In [25]:
# ------------------------- # 
#        SET - UP           # 
# ------------------------- # 

# ---- Requirements ----- # 

#!pip install datasets
#!pip install sentencepiece
#!pip install transformers
#!pip install jsonlines

import csv
import datasets
from google.colab import drive
import huggingface_hub
import jsonlines
import json
import pandas as pd
import re
import sys

# ----- Check if GPU is connected ----- # 
gpu_info = !nvidia-smi -L
gpu_info = "\n".join(gpu_info)
if gpu_info.find("failed") >= 0:
    print("Not connected to a GPU")
else:
    print(gpu_info)

# ----- Mounting Google Drive ----- # 

drive.mount('/content/drive')
sys.path.append('/content/drive/MyDrive/CIS6930_final')

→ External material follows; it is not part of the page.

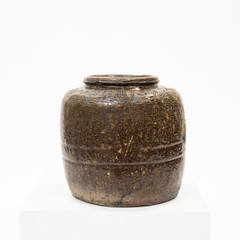 A vintage brown ceramic bean pot with a textured surface, isolated on a white background.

# ----- Importing TweetSum processing module ----- #
from tweet_sum_processor import TweetSumProcessor

# ----------------------------------------------------------------------

# ------------------------- # 
#  PRE-PROCESSING FUNCTIONS # 
# ------------------------- # 


def get_inputs(json_format):
  '''
  ---------------------
  Input: Dictionary containing the metadata for one tweet conversation
  Output: Concatenated string containing the content of one conversation. 
  
  Notes: 
          Special characters inserted for links and transitions between speaker. 
          Anonymized usernames are removed, as they do not add value to the text, 
          as they are usually just located at the beginning of the tweet by default 
          (feature of threads). Whereas usernames containing the name of the business 
          are retained for contextual purpose. 
  ---------------------
  '''
  dialogue = json_format['dialog']['turns']
  full_text = []
  for i in dialogue:
    string = ' '.join(i['sentences'])
    full_text.append(string + " <BR>")
  conversation = ' '.join(full_text)
  by_word = conversation.split(' ')
  for i in range(0, len(by_word)):
    if "https" in by_word[i]:
      by_word[i] = "<LINK>"
    if "@" in by_word[i]:
      if by_word[i][1:].isnumeric():
        by_word[i] = ''
  text = ' '.join(by_word)
  text = re.sub(r'[^a-zA-Z0-9,!.?<> ]', '', text)
  text = re.sub(r'(\W)(?=\1)', '', text)
  return text
  
def get_summary(json_format): 
  '''
  ---------------------
  Input: Dictionary containing the metadata for one tweet conversation
  Output: The text of a single human-generated summary for that one tweet
  ---------------------
  '''
  temp = json_format['summaries']['abstractive_summaries'][0]
  summary = ' '.join(temp)
  return summary

def prepare_data(file_name, processor):
  '''
  Processing the TweetSum dataset so that it can be read as a HuggingFace dataset. 
  ---------------------
  Input: Path to a dataset file and the TweetSum processor
  Output: The inputs and summaries for the given data
  ---------------------
  '''
  inputs = []
  summaries = []
  with open('/content/drive/MyDrive/CIS6930_final/' + file_name) as f:
    dialog_with_summaries = processor.get_dialog_with_summaries(f.readlines())
    for dialog_with_summary in dialog_with_summaries:
      try:
        json_format = json.loads(dialog_with_summary.get_json())
        inputs.append(get_inputs(json_format))
        summaries.append(get_summary(json_format))
      except TypeError:
        pass
  return inputs, summaries

# ----------------------------------------------------------------------

# ------------------------- # 
#           "MAIN"          # 
# ------------------------- # 

# --- "Fake" main function because this is a notebook and not a script :)

# ------ Process data 

processor = TweetSumProcessor('/content/drive/MyDrive/CIS6930_final/kaggle_files/twcs.csv')
train_inputs, train_summs = prepare_data('final_train_tweetsum.jsonl', processor)
valid_inputs, valid_summs = prepare_data('final_valid_tweetsum.jsonl', processor)
test_inputs, test_summs = prepare_data('final_test_tweetsum.jsonl', processor)

# ----- Save as CSVs

train = pd.DataFrame({"inputs": train_inputs, "summaries": train_summs})
train.to_csv('/content/drive/MyDrive/CIS6930_final/tweetsum_train.csv', index=False)

valid = pd.DataFrame({"inputs": valid_inputs, "summaries": valid_summs})
valid.to_csv('/content/drive/MyDrive/CIS6930_final/tweetsum_valid.csv', index=False)

test = pd.DataFrame({"inputs": test_inputs, "summaries": test_summs})
test.to_csv('/content/drive/MyDrive/CIS6930_final/tweetsum_test.csv', index=False)


Not connected to a GPU
Drive already mounted at /content/drive; to attempt to forcibly remount, call drive.mount("/content/drive", force_remount=True).